The EDB's investment promotion methods in this era were intensely personal. Officers were dispatched to the United States, Europe, and Japan with instructions to identify target companies, cultivate relationships with decision-makers, and present Singapore's value proposition. The EDB's overseas offices -- initially in New York, San Francisco, London, Frankfurt, and Tokyo -- functioned as commercial intelligence outposts. Officers attended trade shows, subscribed to industry publications, and systematically mapped corporate investment plans. When a company showed interest, the EDB could arrange a visit to Singapore within days, provide a complete briefing on costs, labour availability, and incentives, and have a draft agreement ready within weeks.

By 1970, the EDB had attracted over 300 pioneer firms, and manufacturing's share of GDP had risen from under 12% to approximately 20%. Unemployment had fallen from double digits to around 6%. The Jurong Industrial Estate, once mocked, was filling up.

Phase 2: Capital-Intensive Shift and the Petroleum Hub (1970-1979)

The 1970s saw the EDB execute its first major industrial upgrade. As labour markets tightened and wages rose, the EDB shifted its recruitment emphasis from labour-intensive assembly operations toward capital-intensive industries: petroleum refining and petrochemicals, precision engineering, and higher-value electronics manufacturing.

The petroleum story was particularly significant. Singapore had no oil of its own, but its strategic location at the intersection of major shipping routes and its deep-water harbour made it a natural refining hub. Shell had operated on Pulau Bukom since the colonial era, but the EDB actively expanded the cluster, attracting Esso (ExxonMobil), Mobil, BP, and Caltex. By the mid-1970s, Singapore was the third-largest oil refining centre in the world, behind Houston and Rotterdam. The petroleum industry brought not only refining but ship repair, oil rig construction (through companies like Keppel and Sembawang), and oil trading.

I.F. Tang, who succeeded Hon Sui Sen as EDB chairman in 1970, continued the pragmatic, deal-making culture.
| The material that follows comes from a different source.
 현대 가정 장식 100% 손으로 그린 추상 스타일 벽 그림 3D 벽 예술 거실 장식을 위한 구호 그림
Ngiam Tong Dow, who became chairman in 1975, brought a more strategic perspective. Ngiam, one of the most intellectually formidable civil servants of his generation, pushed the EDB to think about industrial clusters rather than individual investments -- the idea that attracting one anchor company in a sector would create demand for suppliers, service providers, and complementary manufacturers.

The EDB also began investing in workforce development. The Skills Development Fund, established in 1979, imposed a levy on employers of low-wage workers and used the proceeds to fund training programmes. The EDB partnered with foreign governments and institutions to establish joint training centres: the German-Singapore Institute (precision engineering), the Japan-Singapore Institute (industrial technology), and the French-Singapore Institute (electronics).
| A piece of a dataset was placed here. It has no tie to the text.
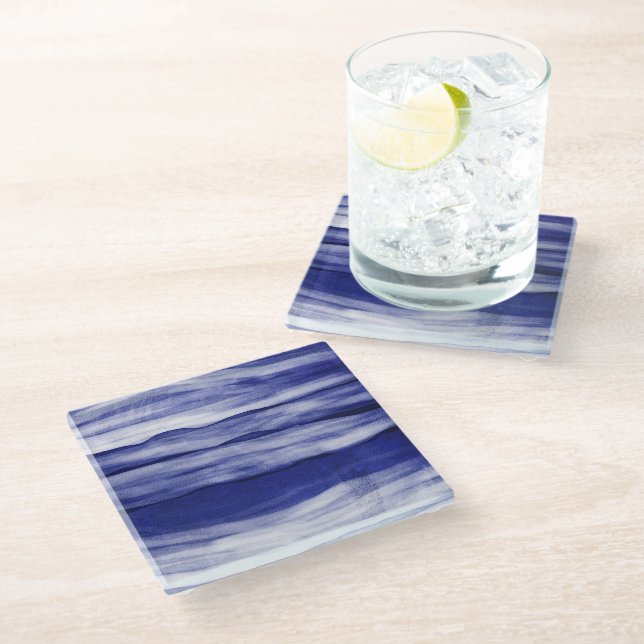 Dessous-de-verre En Verre Beach House Blue Stripes (Incliné)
Phase 3: The Second Industrial Revolution and the 1985 Reckoning (1979-1986)

In 1979, the government announced what it called the "Second Industrial Revolution" -- a deliberate strategy to move Singapore up the value chain by making low-skill, low-wage industries uneconomic. The instrument was the National Wages Council, which recommended annual wage increases of 20% for three consecutive years (1979-1981), far outstripping productivity growth. The theory, championed by Goh Keng Swee and the economic technocracy, was that artificially raising wages would force companies to either upgrade their operations (investing in automation, moving to higher-value production) or leave Singapore, freeing up labour for more productive uses.
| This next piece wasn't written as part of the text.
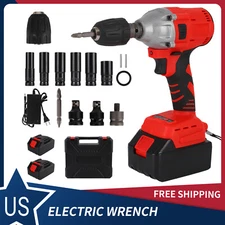650Nm Cordless Impact Wrench Gun 1/2'' Brushless High Power Driver w/2 Batteries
The high-wage strategy worked partially. Many low-skill manufacturers did leave, relocated to Malaysia, Thailand, and Indonesia. Some companies upgraded. But the strategy also had unintended consequences. The rapid wage increases, combined with an overheated property market and a global recession, contributed to Singapore's worst post-independence economic downturn in 1985. GDP contracted by 1.6% -- the first negative growth since independence. Unemployment rose sharply, and confidence was shaken.

The Economic Committee, chaired by then-Brigadier General Lee Hsien Loong, conducted a thorough review. Its 1986 report was blunt about the errors of the high-wage policy, recommending wage restraint, CPF contribution rate cuts (from 50% to 35% of wages), and greater flexibility in economic management. The report also recommended reducing the EDB's role as a centralised economic planner and encouraging greater private-sector initiative and entrepreneurship.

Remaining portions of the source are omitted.